I know there's probably a lot of noises that hedgies generally hate or get very antsy when they hear. So far I've discovered that Roxie really hates the sound of running water, people sneezing and/or wheezy noises and the sound of me opening her foodie storage box.

What sounds do your hedgies really hate?


----------



## silvercat (Oct 24, 2008)

Annabell doesn't like running water. Otherwise noise wise she seems pretty calm

Sylvie didn't like running water, the vaccum, or "sss" noise, which was unfortunate with her name


----------



## Lilysmommy (Jan 7, 2009)

Lily is most sensitive to noises when I've just woken her up, which is when she's at her grumpiest. She doesn't like "ssss" or "tchhh" noises, or when I talk loudly then. I also doesn't like it if she hears a hissing sound (my thought is it sounds like an upset hedgie, or possibly a snake?), kissing noises, or the sound of running water.


----------



## CoxMD (Apr 30, 2010)

Basil doesn't like loud tv noises, like explosions or yelling.
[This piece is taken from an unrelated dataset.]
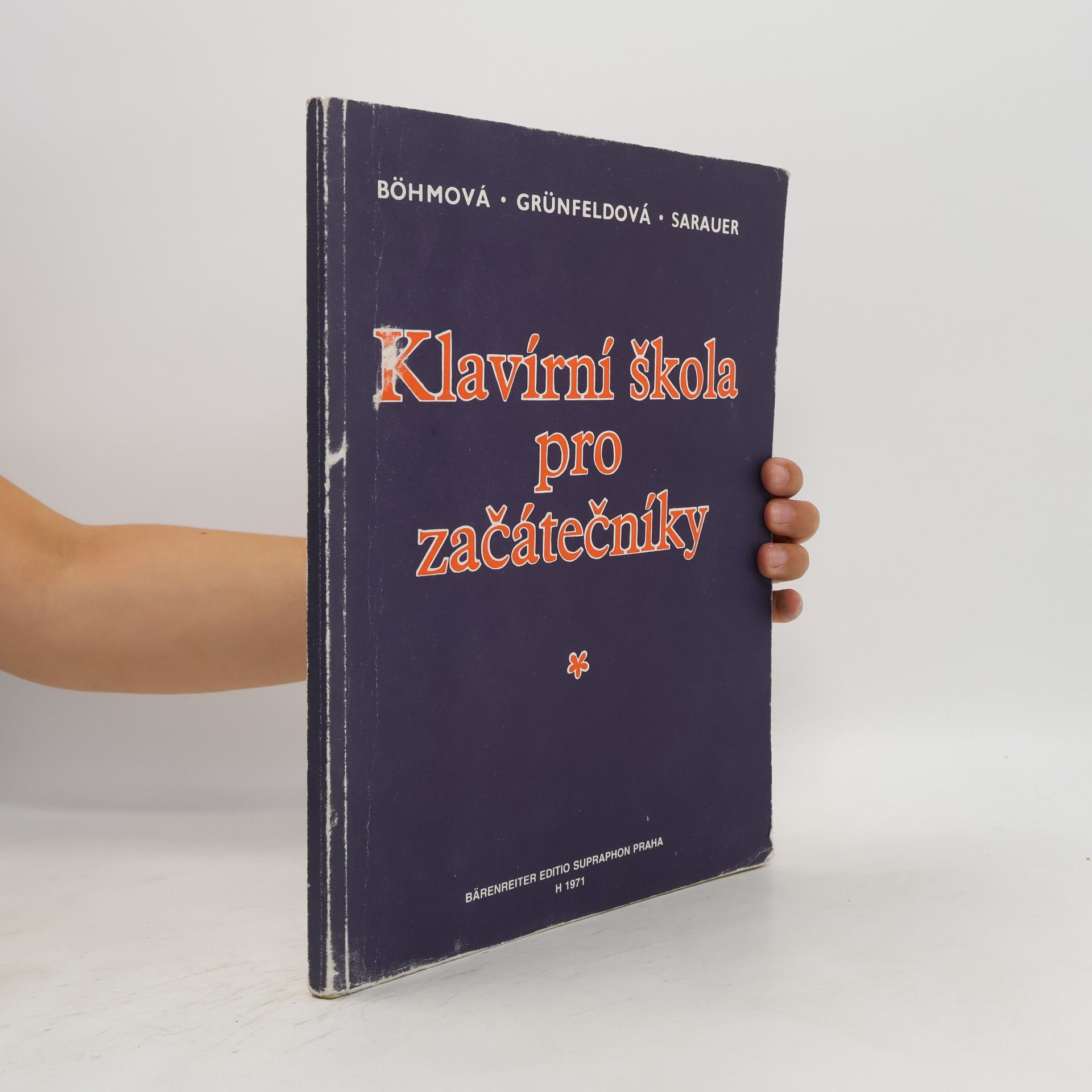 Zdeňka Bohmová Klavírní škola pro začátečníky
But he loves the sound of people's voices on the show "The West Wing"!


----------



## Tarynsgate (Sep 25, 2010)

Roxie dosen't have any issues with the TV (I was watching my cousin play Okami while handling her last) but didn't quite like the sound of the controller vibrating. General consensus so far is they generally don't like hissing sounds of any type


----------



## silvercat (Oct 24, 2008)

Lilysmommy said:


> Lily is most sensitive to noises when I've just woken her up, which is when she's at her grumpiest. She doesn't like "ssss" or "tchhh" noises, or when I talk loudly then. I also doesn't like it if she hears a hissing sound (my thought is it sounds like an upset hedgie, or possibly a snake?), kissing noises, or the sound of running water.


I forgot about the kissing noises. Yes Sylvie didn't like those. Annabell seems ok. The breeder kissed each one of her hedgies when taking them out of the cage, so I'm guessing that's why she's ok.
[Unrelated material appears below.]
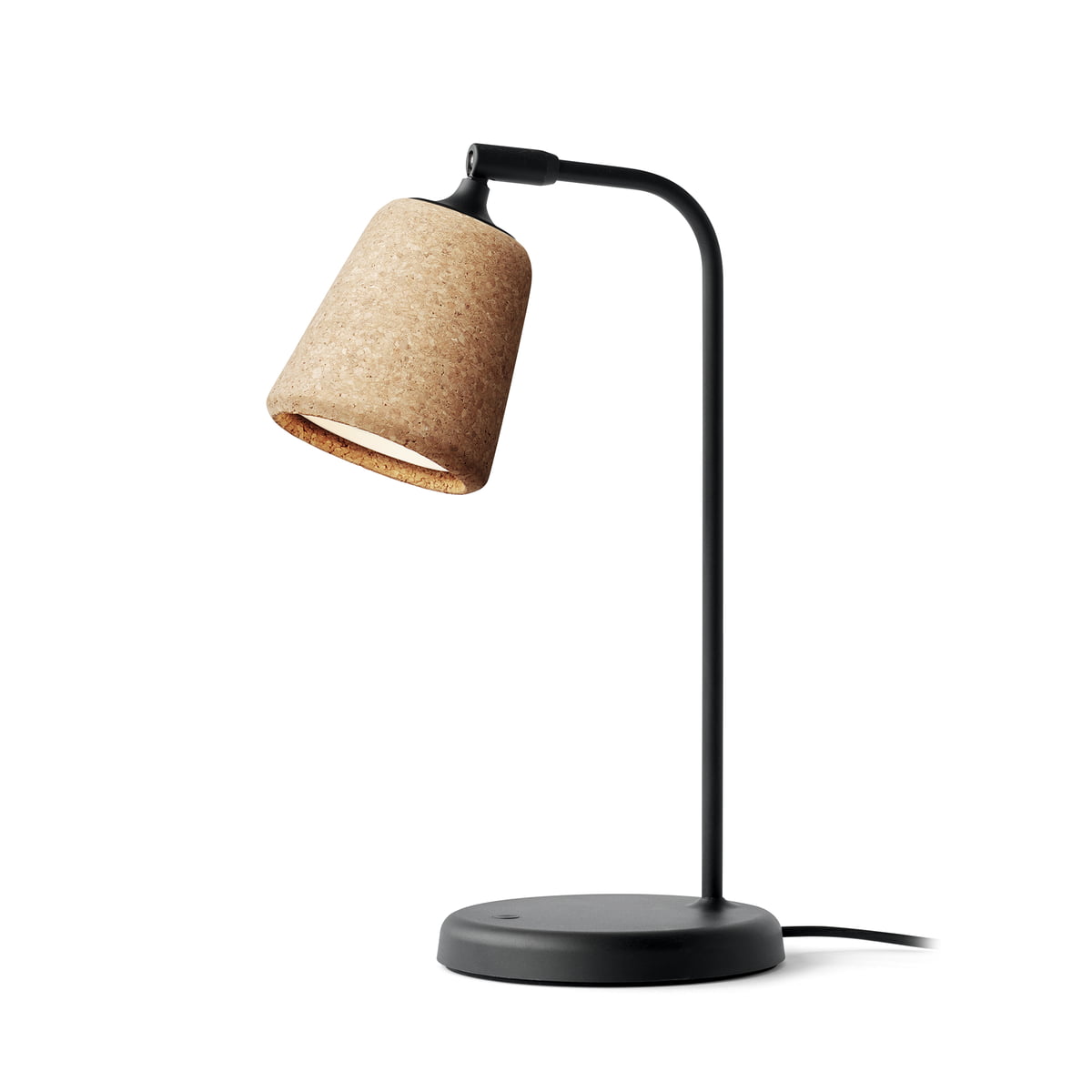 New Works – Material Schreibtischleuchte, Kork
I'm with you on the snake theory


----------



## MoonbeamHH (May 3, 2010)

Snowball doesn't like the kissing sounds, loud banging, the sound of the bath tub water running. I can't think of anything more on top of my head.


----------



## Nell (Aug 26, 2010)

Consonants, loud breathing, coughing, sniffing, water running, kissing, items falling, hammering, vacuum cleaner, tapping, snapping, hair scratching, typing. 

My hedgehog particularly hates it when I scratch my head. 

Just think of it this way: if you were wearing hearing aids, and cranked the volume as loud as you could, what would bother you?

Edit: Book pages flipping, throat clearing, ANY kind of breathing, I think he can even hear my bone joints moving because he hates that too.

Yes I know, it's long... my hedgehog is pleasantly cranky/temperamental.


----------



## Tarynsgate (Sep 25, 2010)

Wow, that's a humongous list of stuff that your hedgie dosen't like.


----------



## Olympia (Aug 4, 2010)

Clémentine doesn't like the sound of paper rustling. She hates it when I move invoices when I work on my budget on the computer while she's on my lap. She used to hate kissing noises but I kept doing it and she got used to it.


----------